Leave the pictures out and print, word for word, the lines below from the one with "02 Ocak 2017" through the final line.

===== Task inputs =====

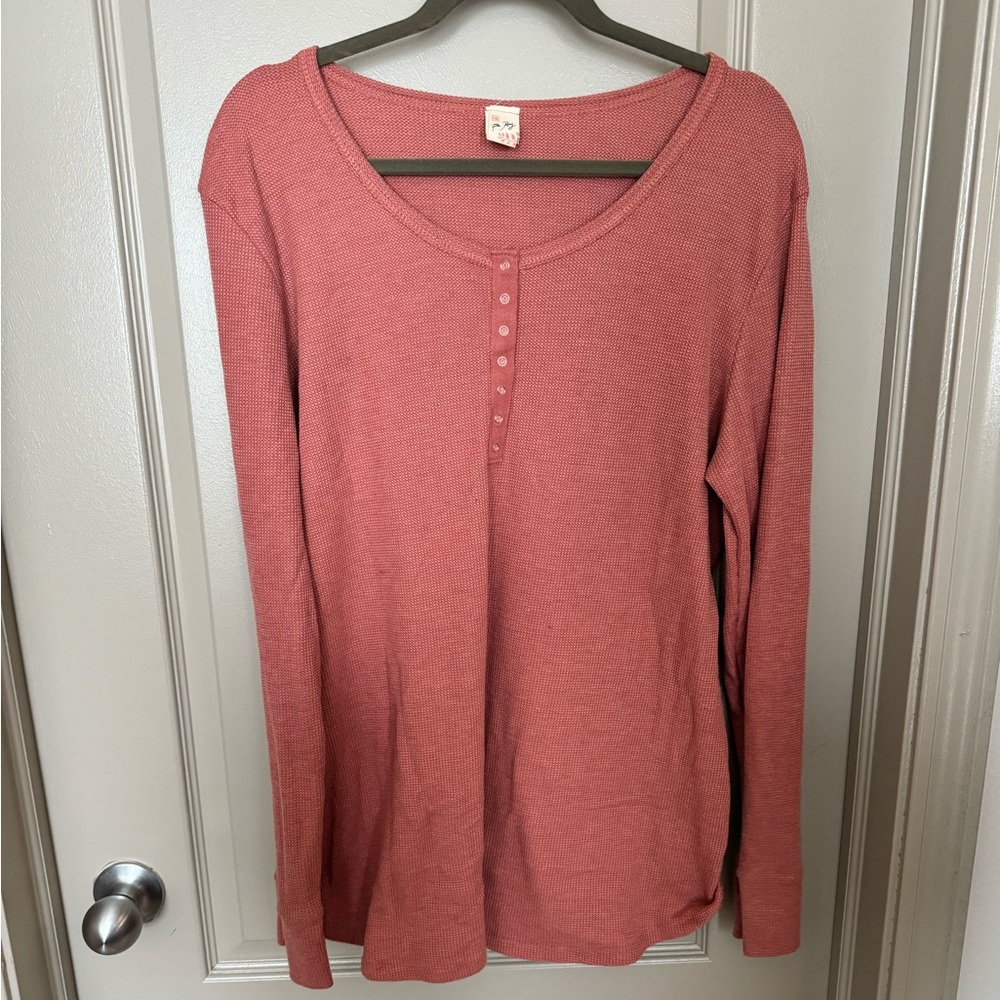 7th Ray Long Sleeve Waffle Top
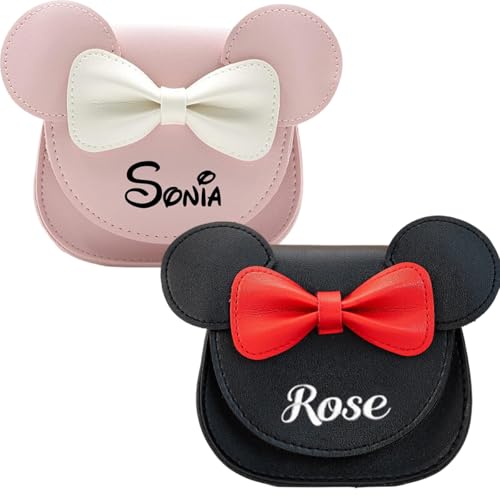 Personalized cartoon purse - Custom Cartoon Little Mouse Ear Bow Kids Crossbody Purse with Name, Kid PU Shoulder Coin Handbag for Kids Girls Toddlers Gift for Birthday, Christmas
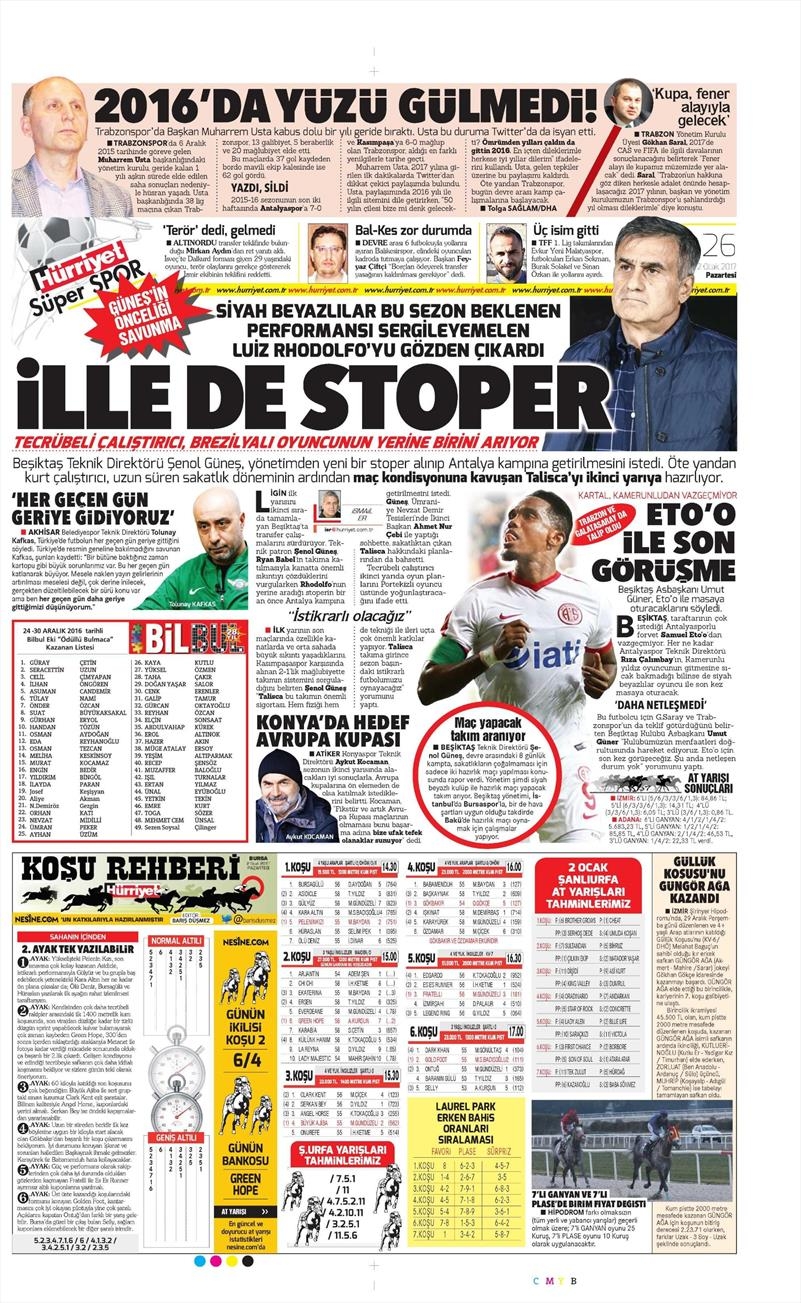 02 Ocak 2017 | İşte gazetelerin Beşiktaş manşetleri - Görsel 6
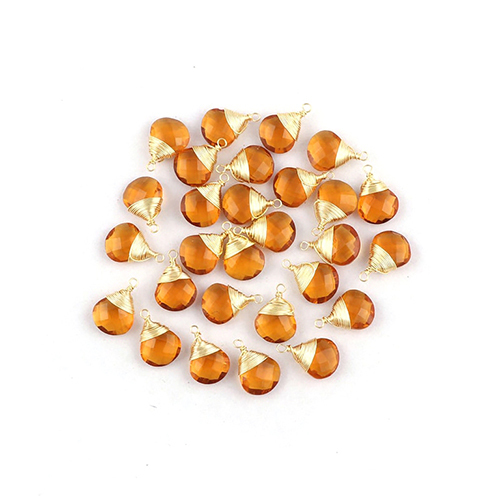 Citrine Gemstone Heart Shape 10mm Wire Wrapped Gold Vermeil Pendant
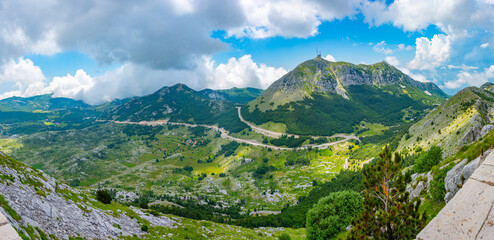Landscape of Lovcen National Park in Montenegro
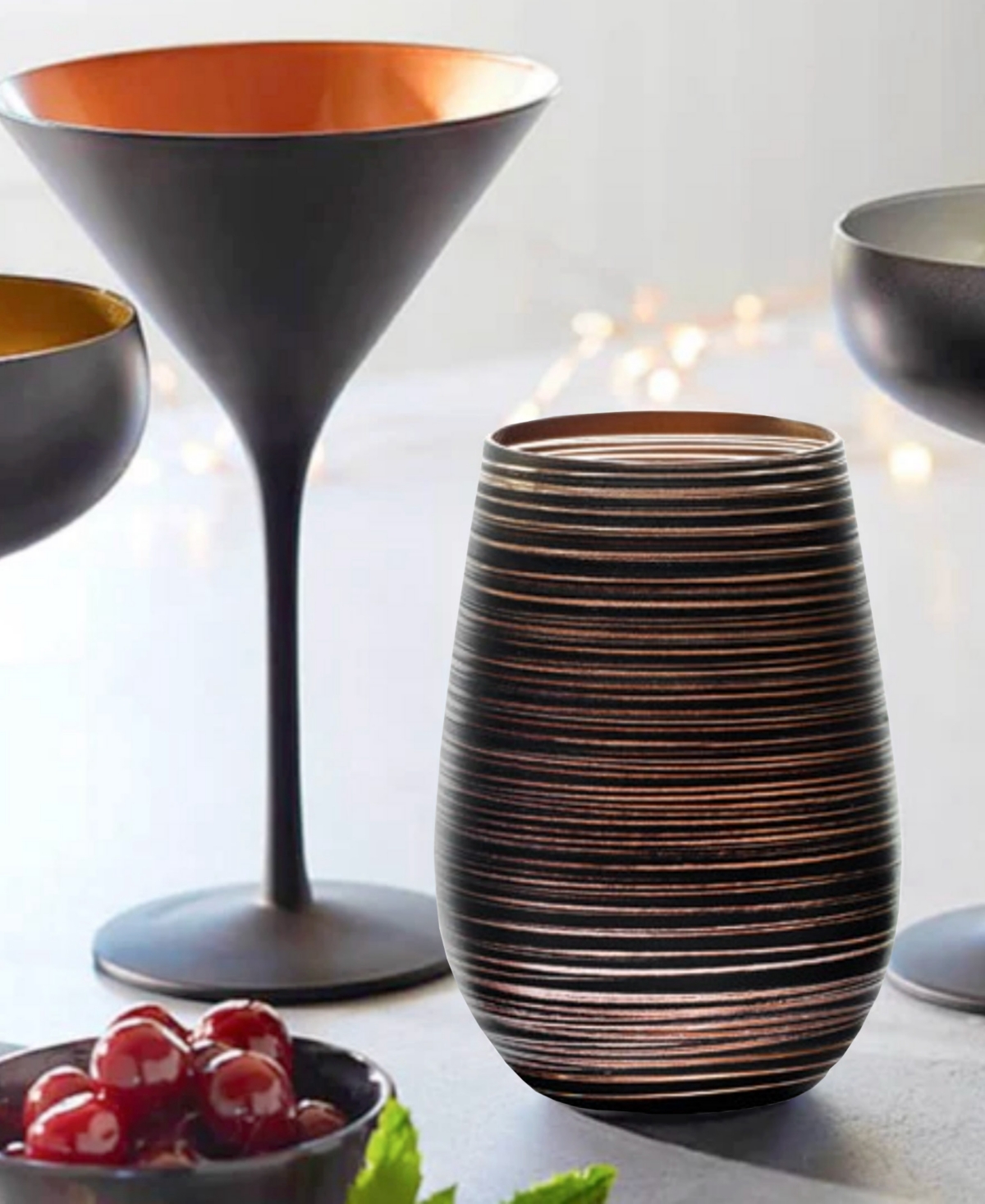 Stolzle Lausitz Olympia Twister Tumblers, Set Of 2 In Black With Bronze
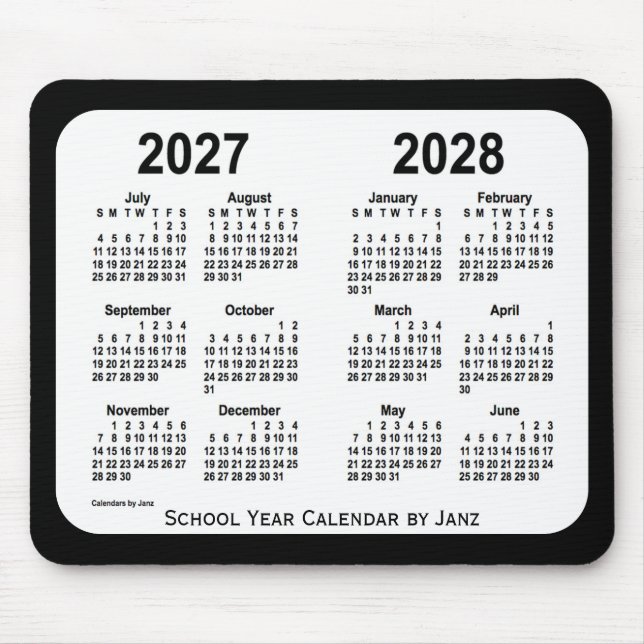 Tapis De Souris Calendrier de l'école noire et blanche 2027-2028 p (Devant)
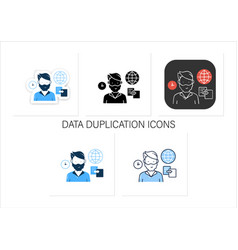 Data Duplication Icons Set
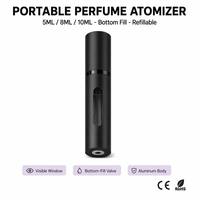 Flacon pulvérisateur de parfum rechargeable en aluminium avec fenêtre de visualisation, remplissage par le bas, 5ml 8ml 10ml, pour voyage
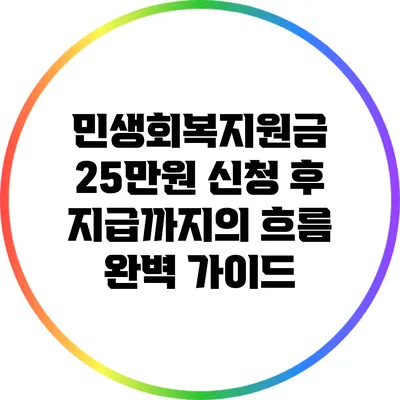 민생회복지원금 25만원 신청 후 지급까지의 흐름 완벽 가이드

=====

=== Solved exercise ===
 02 Ocak 2017 | İşte gazetelerin Beşiktaş manşetleri - Görsel 6
 Citrine Gemstone Heart Shape 10mm Wire Wrapped Gold Vermeil Pendant
Landscape of Lovcen National Park in Montenegro
 Stolzle Lausitz Olympia Twister Tumblers, Set Of 2 In Black With Bronze
 Tapis De Souris Calendrier de l'école noire et blanche 2027-2028 p (Devant)
 Data Duplication Icons Set
 Flacon pulvérisateur de parfum rechargeable en aluminium avec fenêtre de visualisation, remplissage par le bas, 5ml 8ml 10ml, pour voyage
 민생회복지원금 25만원 신청 후 지급까지의 흐름 완벽 가이드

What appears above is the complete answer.